In Angel Eyes, Jennifer Lopez plays Sharon, a Chicago cop who silences talkative perps by slamming their faces onto the hood of the police car. Can you say “Police brutality?” Sharon leaps tall fences, chases thugs halfway across the city, and makes her male colleagues look like pansies. This means she has issues and should check into an anger management program; in Hollywood logic, a tough woman has to have some kind of psychological problem.


Soon we find that her problem has to do with her dysfunctional family. (News flash: All families are dysfunctional. It’s called “normal.”) She grew up with an abusive father and a punching bag/doormat mother. And they want her to come to their 30th wedding anniversary and renewal of vows. You can tell that Sharon is troubled because every time she encounters family members, she has that look that announces, “I am fighting back tears.” Sharon’s story is nowhere near interesting enough to merit a full-length feature film, but the producers figure that the audience will buy anything with J. Lo in it. Wrong. The audience may have demonstrated a lack of discretion in the past, but it does have minimum requirements. Like a plot. Conflict. If not realistically-drawn characters, then sympathetic ones. In short, a movie. Angel Eyes is not a movie, it’s a vehicle for J. Lo, who should perhaps use her clout to develop film projects that will allow her to work with top-notch professionals, the kind who can actually say, “J. Lo, this script reeks.” It should be noted that before Jennifer Lopez became a pop phenomenon, she worked with filmmakers like Bob Rafelson, Oliver Stone and Steven Soderbergh. Their projects did not make the kind of money that her disposable flicks (The Cell, Wedding Planner) did. Also, J. Lo can’t sing, but her album was a huge hit. Figure it out.

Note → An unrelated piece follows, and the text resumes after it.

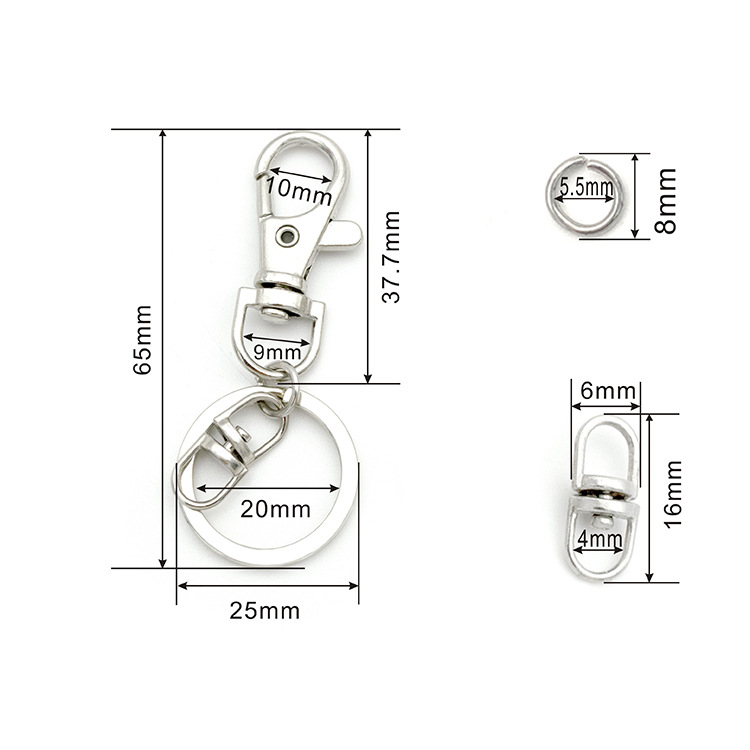 Anilla plana plateada de 25 mm, hebilla para perro de 4.6 g, hebilla figura 8.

Back to the movie. Sharon is followed around by a tall, cute, unshaven guy in a long coat. Can you say “Stalker?” The stalker, Catch (Jim Caviezel), has spooky blue eyes, presumably the ones referred to in the title. We are made to believe that he is some kind of supernatural creature, like a ghost or an angel (duh), because he wears that blasted coat all the time, does nice things for the neighbors, has no surname, and does not turn up in official records. In fact the reason we went to see this movie in the first place was because the trailer, poster, and newspaper features led us to believe it was a supernatural thriller, like The Sixth Sense. Imagine our disappointment when we realized that the protagonists were not dead. There’s nothing paranormal about the way they first meet, either.


Catch beholds Sharon in the window of a club, and is so smitten by her that he immediately risks getting himself killed to save her life. Naturally Sharon falls for the mysterious stranger, conveniently forgetting that he was the same guy she rescued from a car wreck in an earlier scene. Soon we see why Sharon is not a detective: she constantly declares how curious she is about Catch’s personal history, but it never occurs to her to run a check on him. Hello, you’re in the police department and it’s the wired era. But Catch proves his memory is even worse than Sharon’s. He forgets that he can play the trumpet until they wander into a jazz club where he steps onstage and does a professional-sounding rendition of Nature Boy. I don’t know what the etiquette among musicians is, but I suspect they don’t appreciate having their set interrupted by some stranger who uses their instrument without permission. Pianos, maybe, but not instruments with spit valves.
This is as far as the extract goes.